The Kremlin has historically been very tight-lipped about major military accidents, and ones that involve the risk of traditional leaks, in particular. For instance, very little remains known about a separate fire aboard the top-secret nuclear spy submarine Losharik, which occurred on July 1, 2019. The boat was attached to a larger nuclear-powered mothership submarine, the modified Project 667BDRM Delfin-class ballistic missile submarine BS-64 Podmoskovye, at the time. It remains unclear how much risk there might have been to the reactors on either submarine.
At the same time, Russian authorities have found themselves increasingly compelled to release additional details about the Nyonoksa incident, the response to which has drawn repeated comparisons to the Chernobyl nuclear power plant disaster in 1986 in what was then Soviet Ukraine. A critically-acclaimed HBO dramatic mini-series thrust the Chernobyl case back into the public consciousness earlier this year. It also drew criticism from Russia, which says it will now produce its own show with an "honest" accounting of those events, centered on a conspiracy theory that the U.S. Central Intelligence Agency was involved in its production.

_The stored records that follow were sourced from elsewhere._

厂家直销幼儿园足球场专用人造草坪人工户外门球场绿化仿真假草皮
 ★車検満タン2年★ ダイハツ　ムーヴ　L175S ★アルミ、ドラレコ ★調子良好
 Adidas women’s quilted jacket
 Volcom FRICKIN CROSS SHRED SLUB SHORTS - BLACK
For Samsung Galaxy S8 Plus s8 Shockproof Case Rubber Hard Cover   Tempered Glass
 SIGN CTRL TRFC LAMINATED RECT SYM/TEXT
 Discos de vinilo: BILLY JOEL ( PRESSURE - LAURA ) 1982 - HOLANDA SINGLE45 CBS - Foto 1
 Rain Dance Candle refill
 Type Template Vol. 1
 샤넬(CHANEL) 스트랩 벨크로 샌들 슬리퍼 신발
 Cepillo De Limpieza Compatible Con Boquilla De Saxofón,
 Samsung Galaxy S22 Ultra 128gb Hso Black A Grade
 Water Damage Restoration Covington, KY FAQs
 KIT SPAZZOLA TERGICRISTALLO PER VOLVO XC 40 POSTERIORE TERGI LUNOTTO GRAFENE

In the nearly four weeks since the accident, the Kremlin has steadily disclosed additional information about the incident and has now contradicted its previous assertion that there were no radiation leaks at all, though it now maintains that the radionuclides that did escape are not a cause for concern. It will be interesting to see if and how the official line continues to evolve if it becomes any harder to deny key details about what happened in Nyonoksa.